Begin at the top of the entries below and write out every line through the one containing "Lycee Picot De", excluding pictures.

(Source data Opens)

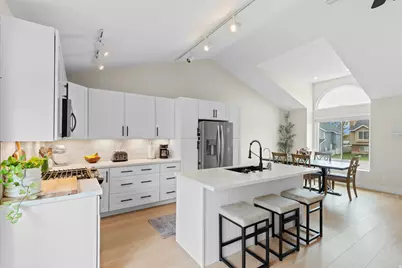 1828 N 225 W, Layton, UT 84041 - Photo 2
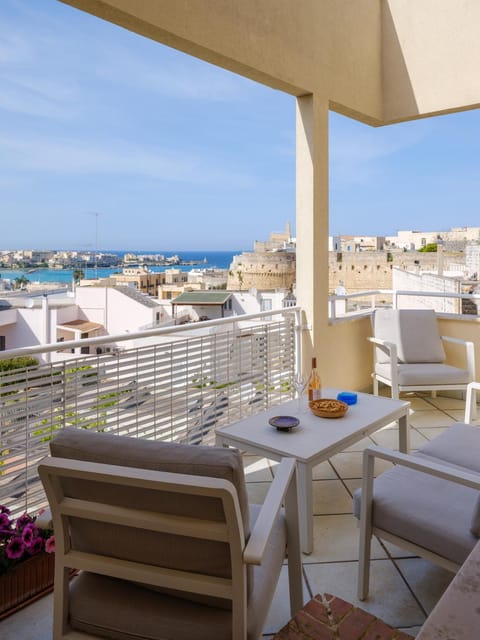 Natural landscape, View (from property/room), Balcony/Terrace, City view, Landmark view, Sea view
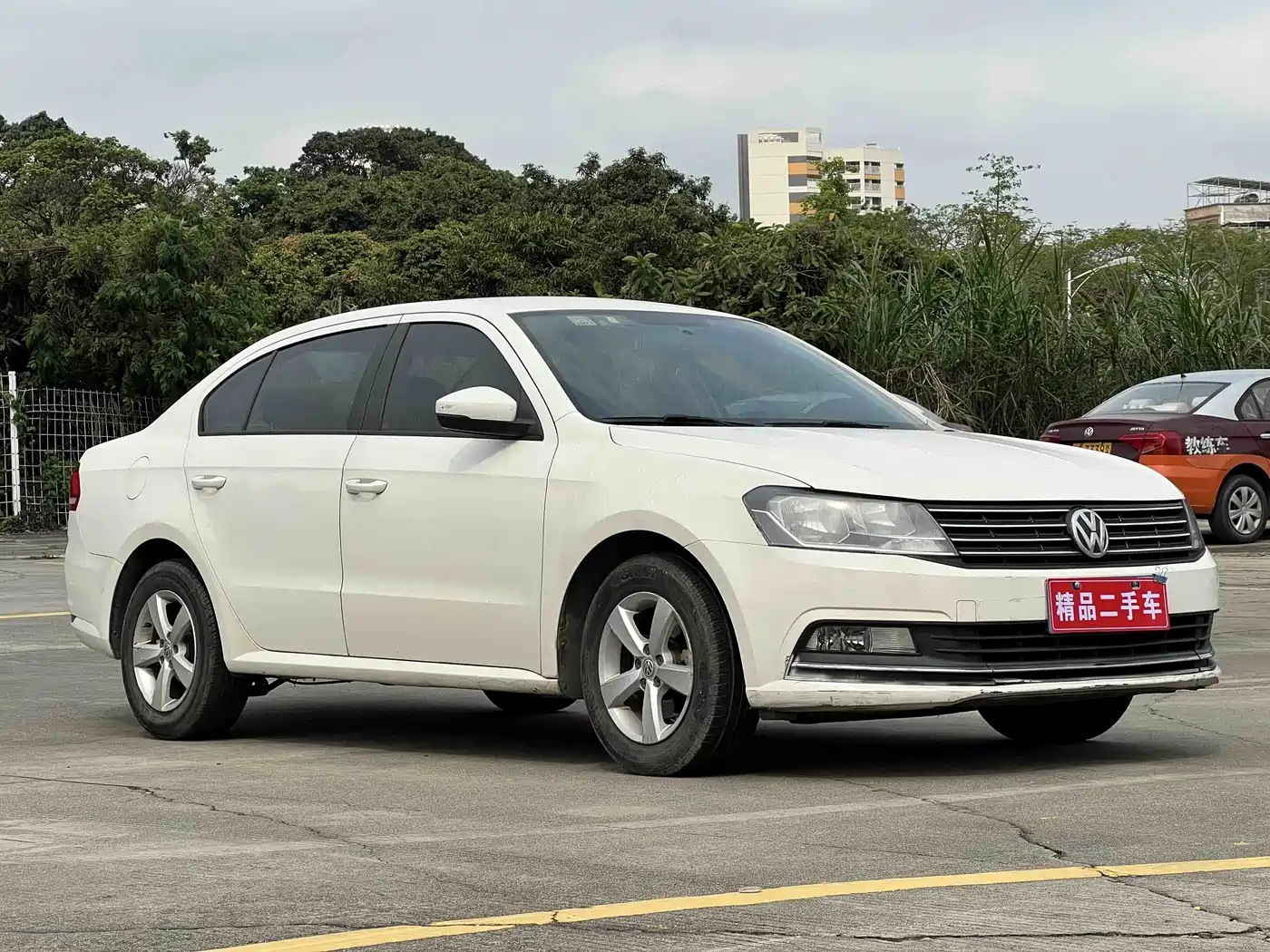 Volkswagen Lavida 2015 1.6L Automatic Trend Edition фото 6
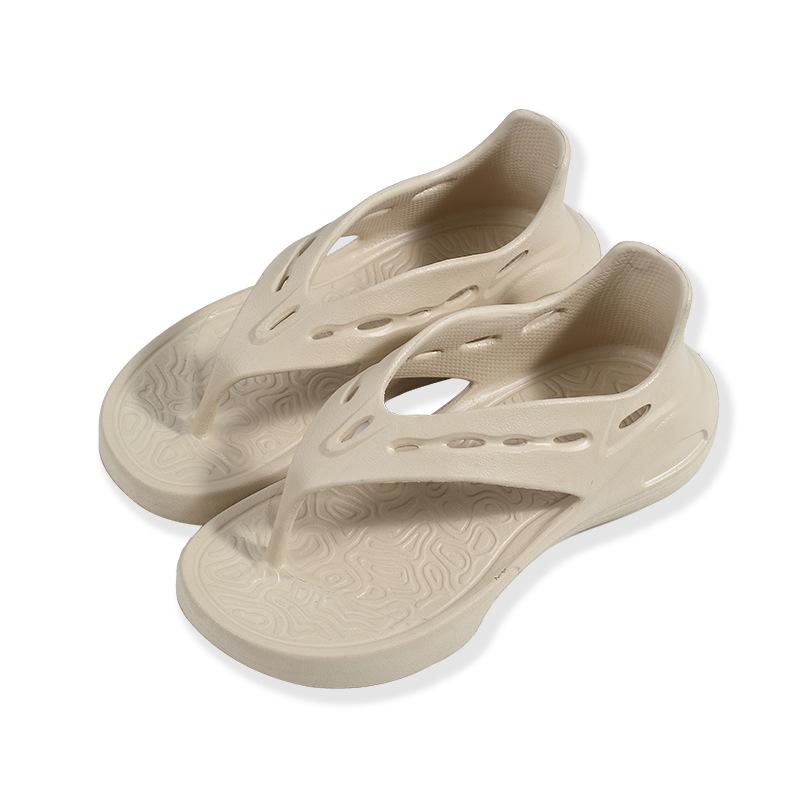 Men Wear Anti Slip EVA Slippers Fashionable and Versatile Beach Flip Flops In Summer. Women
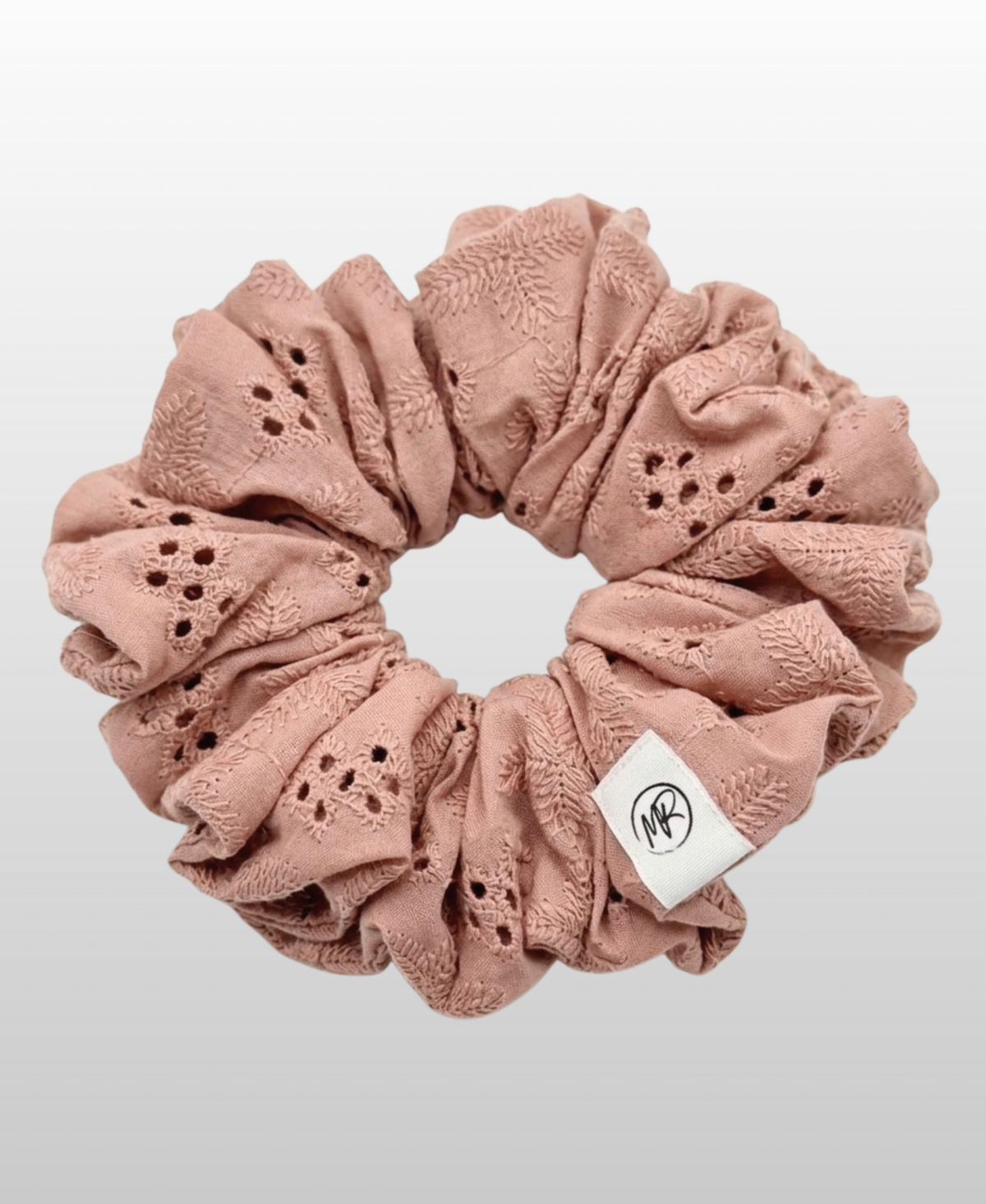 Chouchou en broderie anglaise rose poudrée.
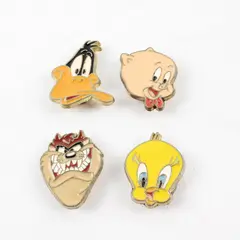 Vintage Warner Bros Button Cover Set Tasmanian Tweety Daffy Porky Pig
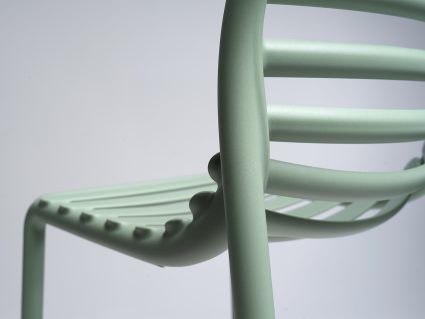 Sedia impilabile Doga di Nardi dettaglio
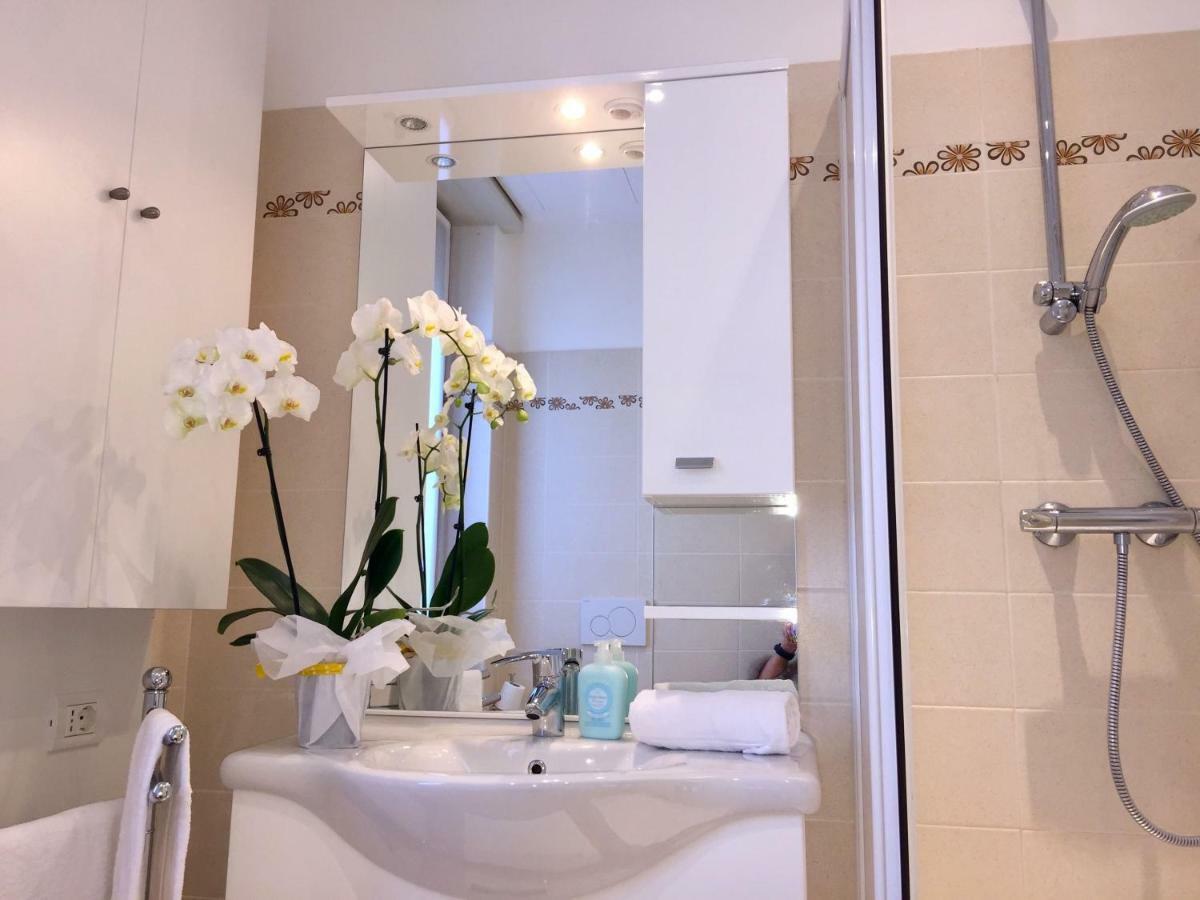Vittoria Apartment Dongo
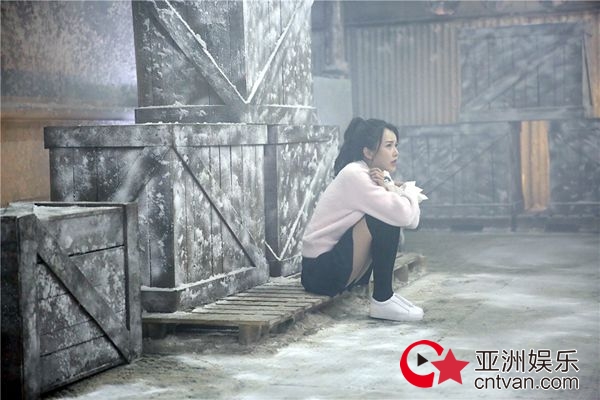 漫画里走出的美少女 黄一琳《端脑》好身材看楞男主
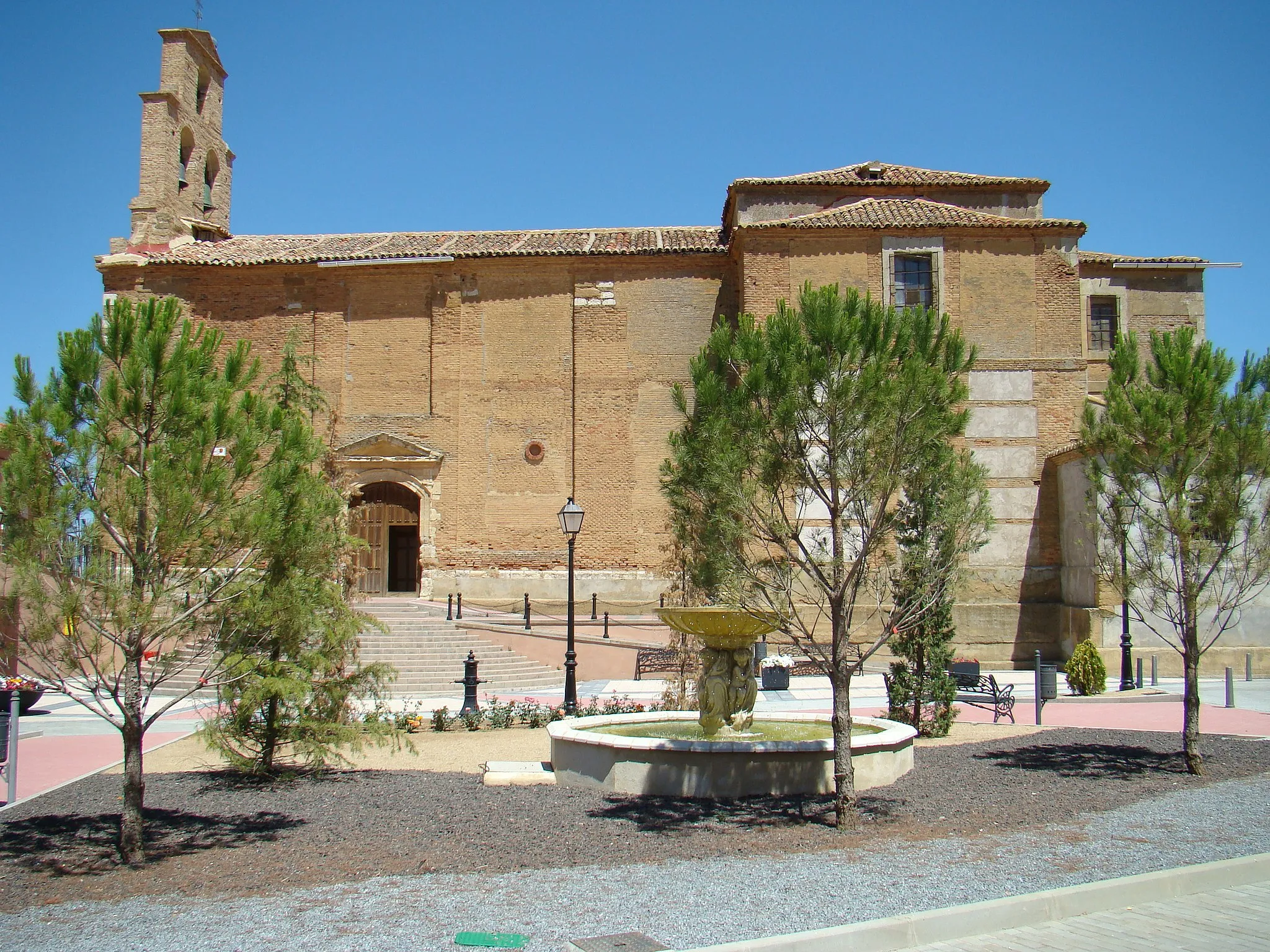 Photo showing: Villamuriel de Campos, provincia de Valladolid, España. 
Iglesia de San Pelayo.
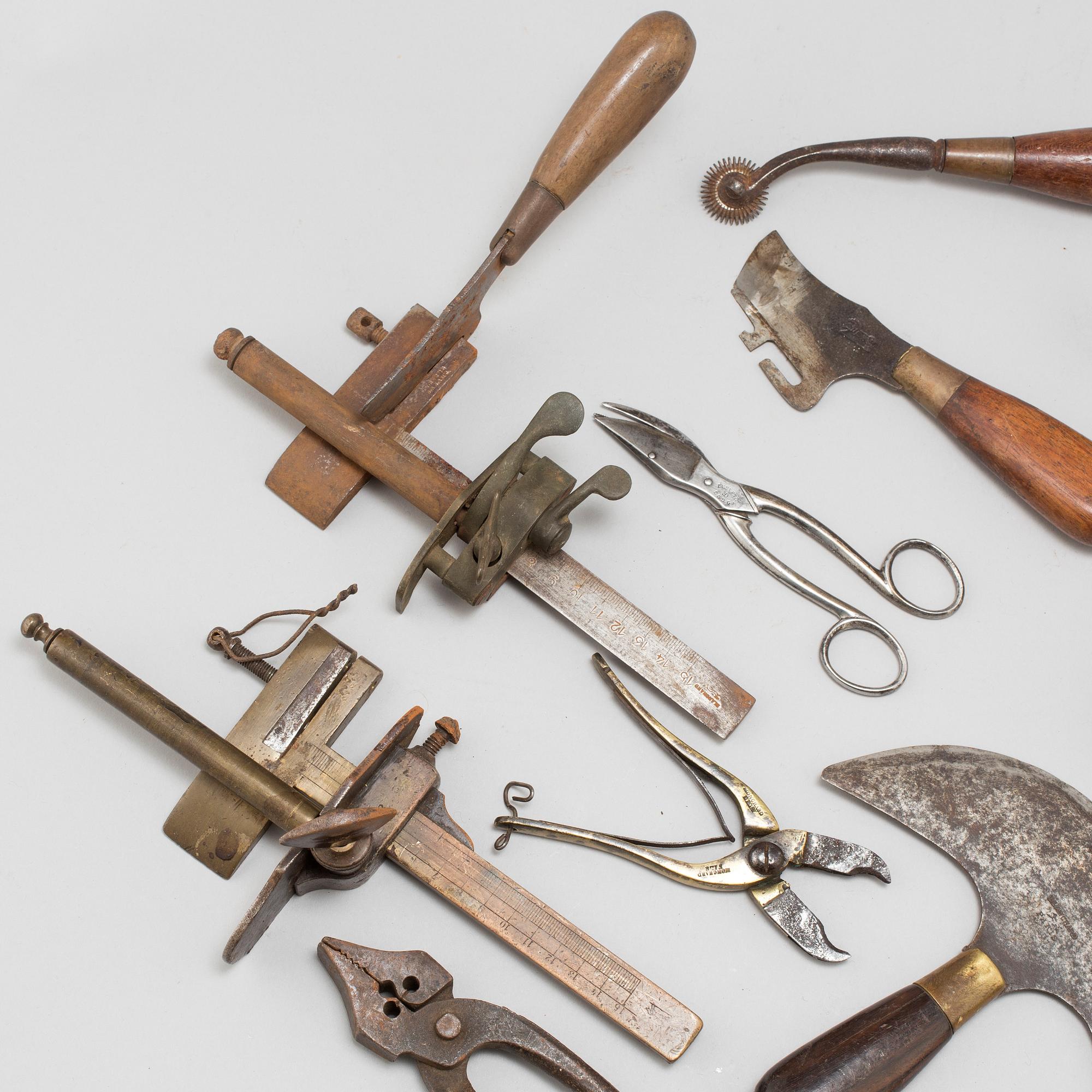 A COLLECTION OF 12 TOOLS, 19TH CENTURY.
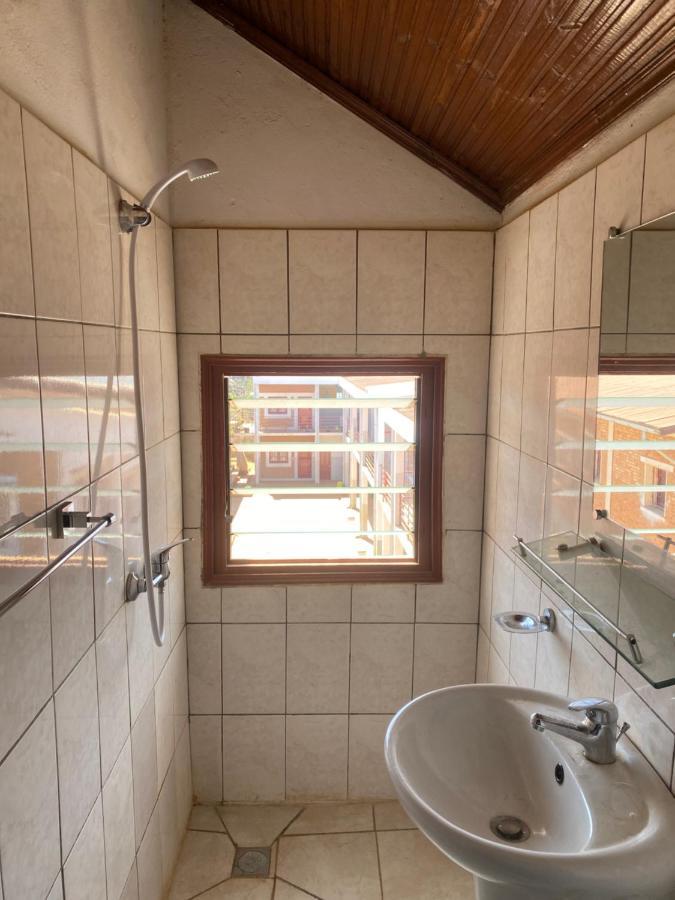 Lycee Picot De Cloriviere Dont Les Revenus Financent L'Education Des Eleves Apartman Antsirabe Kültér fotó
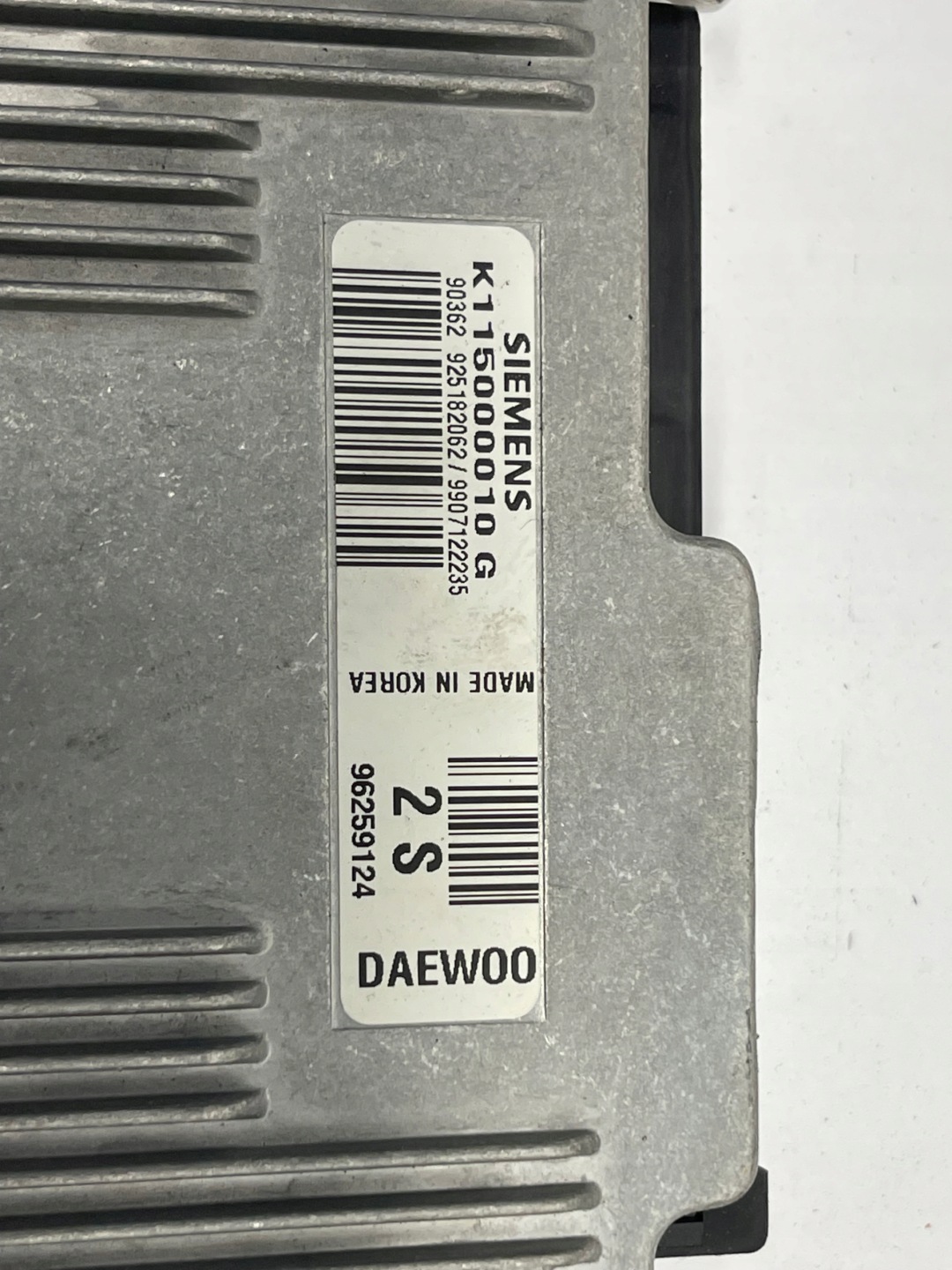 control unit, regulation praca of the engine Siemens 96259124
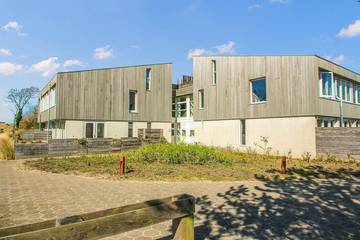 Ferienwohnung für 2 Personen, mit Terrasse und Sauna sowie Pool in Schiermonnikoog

(Source data Closes)

Output below ▸
 1828 N 225 W, Layton, UT 84041 - Photo 2
 Natural landscape, View (from property/room), Balcony/Terrace, City view, Landmark view, Sea view
 Volkswagen Lavida 2015 1.6L Automatic Trend Edition фото 6
 Men Wear Anti Slip EVA Slippers Fashionable and Versatile Beach Flip Flops In Summer. Women
 Chouchou en broderie anglaise rose poudrée.
 Vintage Warner Bros Button Cover Set Tasmanian Tweety Daffy Porky Pig
 Sedia impilabile Doga di Nardi dettaglio
Vittoria Apartment Dongo
 漫画里走出的美少女 黄一琳《端脑》好身材看楞男主
 Photo showing: Villamuriel de Campos, provincia de Valladolid, España. 
Iglesia de San Pelayo.
 A COLLECTION OF 12 TOOLS, 19TH CENTURY.
 Lycee Picot De Cloriviere Dont Les Revenus Financent L'Education Des Eleves Apartman Antsirabe Kültér fotó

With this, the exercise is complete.